A Lainate, nella notte tra lunedì e martedì, le pareti della casetta nel mercato di Barbaiana sono state deturpate con scritte offensive rivolte ai carabinieri. Con bombolette spray di diversi colori, ignoti hanno lasciato messaggi duri, come “Mamma non temere, non farò mai il carabiniere” e “L’unico sbirro buono è lo sbirro morto”. Un gesto che ha immediatamente scatenato polemiche e che ora spinge le autorità a indagare con decisione.
Politici unanimi: un gesto inaccettabile
La reazione politica non si è fatta attendere. Fabrizio Cecchetti, deputato della Lega e membro della Commissione Difesa, ha definito le scritte “un gesto vile e inaccettabile”. Ha sottolineato come questi messaggi siano un vero e proprio attacco d’odio verso chi ogni giorno mette a rischio la propria vita per garantire la sicurezza pubblica.
Cecchetti ha espresso piena solidarietà all’Arma dei Carabinieri e a tutte le Forze dell’Ordine, ricordando che chi indossa una divisa merita rispetto, non insulti o minacce. Ha chiesto alle autorità di intervenire subito per identificare e punire i responsabili, ribadendo che “lo Stato non deve tollerare chi fomenta odio e violenza contro le istituzioni.”
Questo episodio, seppur limitato a un’area specifica, ha acceso un dibattito più ampio sul rapporto tra istituzioni e cittadini, sottolineando l’importanza di difendere il rispetto per le forze dell’ordine, pilastro della sicurezza pubblica.
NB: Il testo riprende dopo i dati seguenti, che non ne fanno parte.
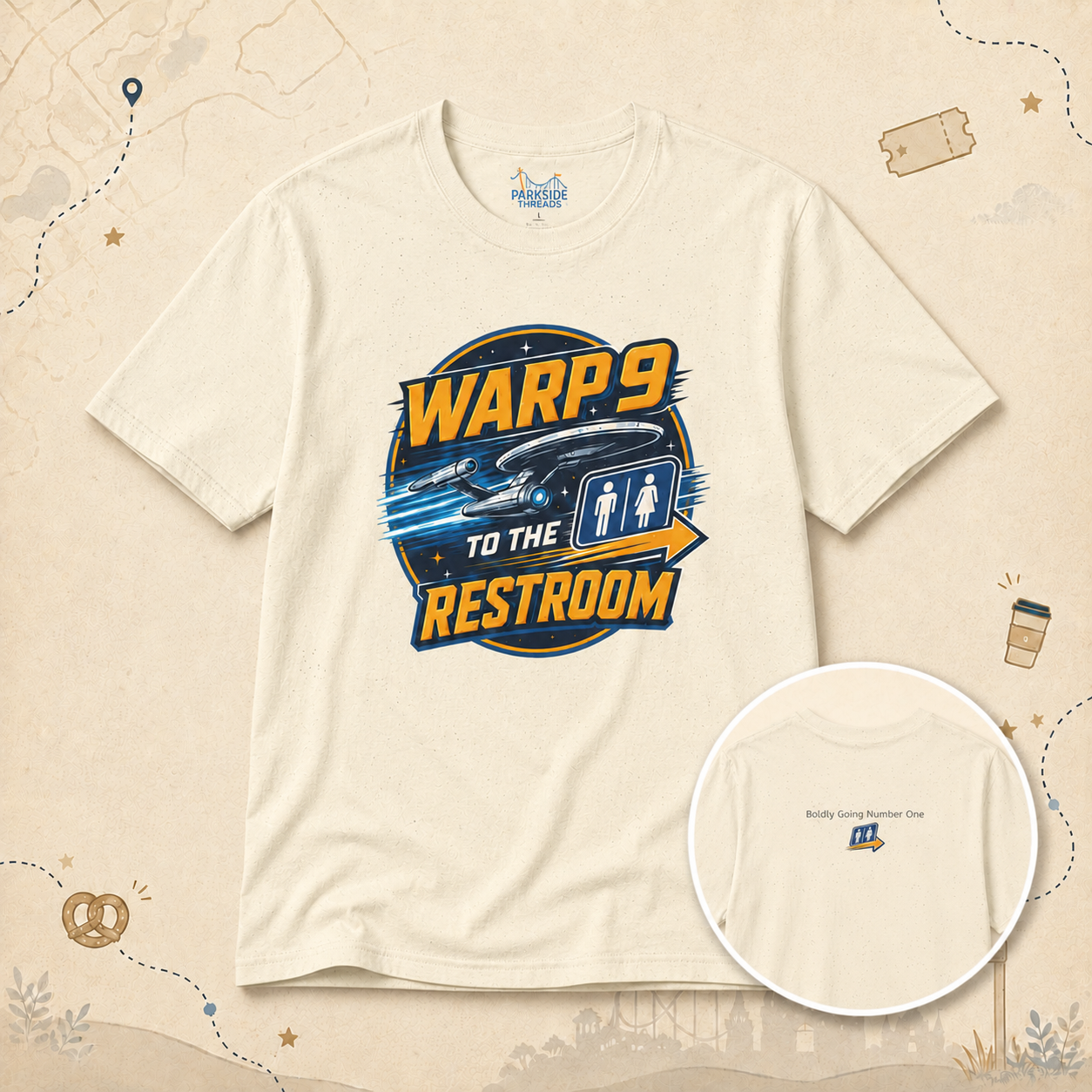 Warp 9 To The Restroom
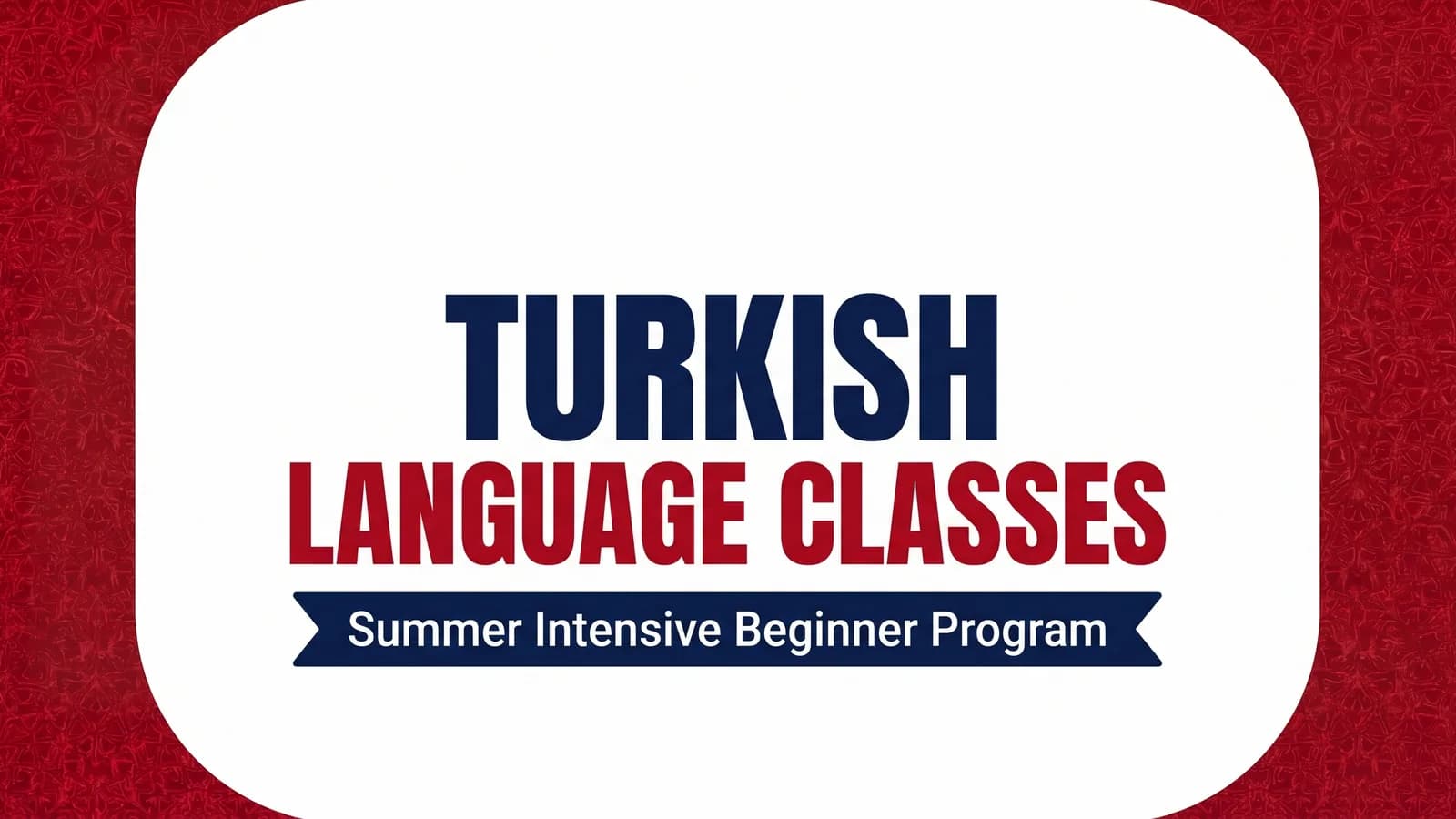 Turkish Language Classes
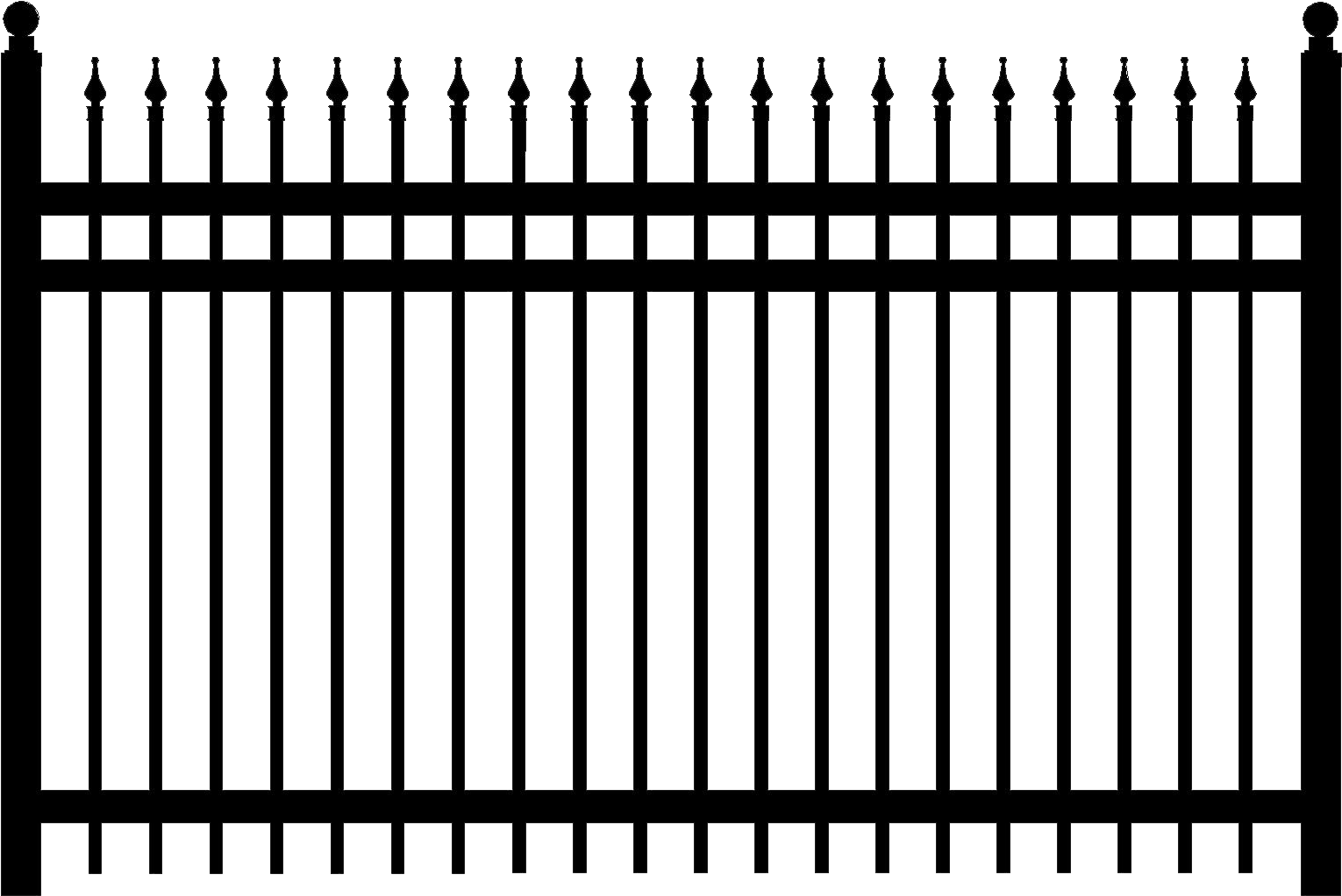 Fence Free Download Png - Yungneung And Geolleung (1600x1280), Png Download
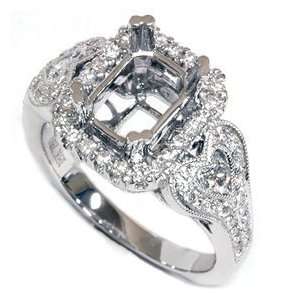 Pompeii3 Inc. 18k White Gold .77CT F VS Fancy Diamond Engagement Ring 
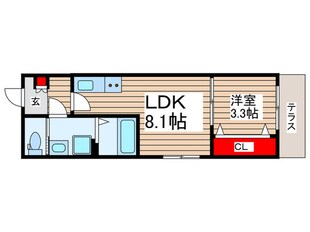 AJ幕張Ⅱの物件間取画像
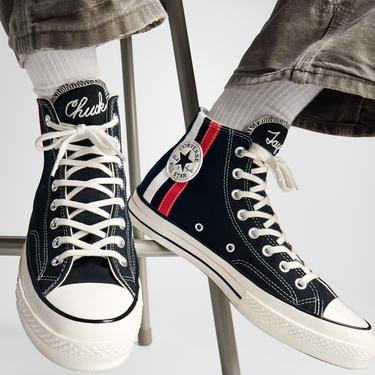 Converse Chuck 70 Archival Stripes Unisex Siyah Sneaker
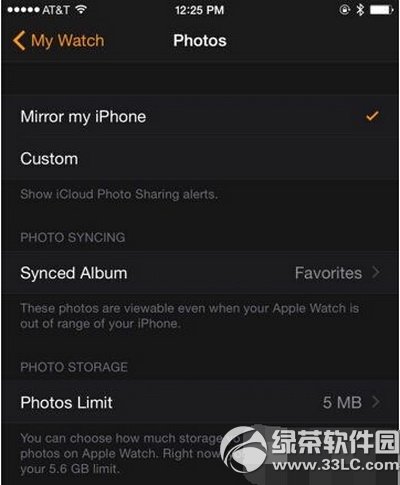 iphone上照片同步到apple watch圖文教程1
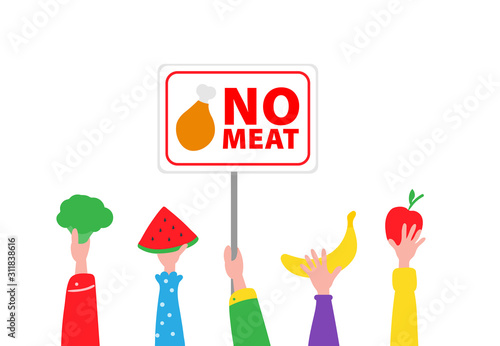 International Day Without Meat. Vegetarian festival.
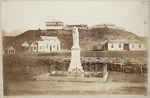 Scene with Moutoa monument, Wanganui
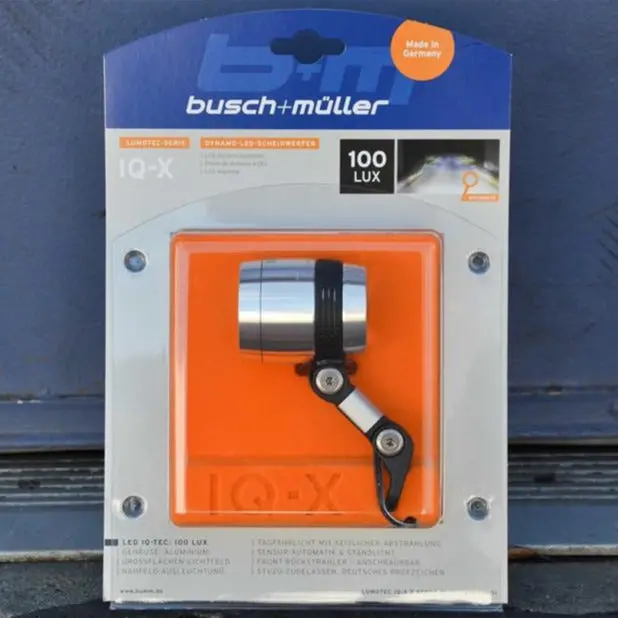Busch & Müller Iq-X Dynamo Headlight – High-Output Led Front Light 1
Indagini in corso per scovare i responsabili
Sul fronte operativo, le forze dell’ordine hanno subito avviato le indagini per risalire agli autori delle scritte. Si stanno analizzando le immagini delle telecamere di sorveglianza presenti nell’area del mercato di Barbaiana, nella speranza di trovare indizi utili.
Oggi come oggi, le telecamere in spazi pubblici sono uno strumento chiave per prevenire e contrastare atti vandalici e intolleranza. I dati raccolti verranno studiati con attenzione, anche grazie alla collaborazione tra polizia locale e forze statali.
Gli investigatori stanno verificando i movimenti durante le ore in cui si presume sia avvenuto il gesto, tenendo d’occhio passanti e gruppi che potrebbero avere motivazioni politiche o sociali legate a questo tipo di dissenso. Pur mantenendo la massima riservatezza sulle piste seguite, assicurano che nessuna strada verrà trascurata per arrivare in fretta a una soluzione.
Di fronte a episodi che mettono a rischio il rispetto per le istituzioni, le forze dell’ordine confermano il loro impegno nel garantire la legalità, restando sempre vigili. La collaborazione dei cittadini sarà probabilmente decisiva per chiudere rapidamente il caso.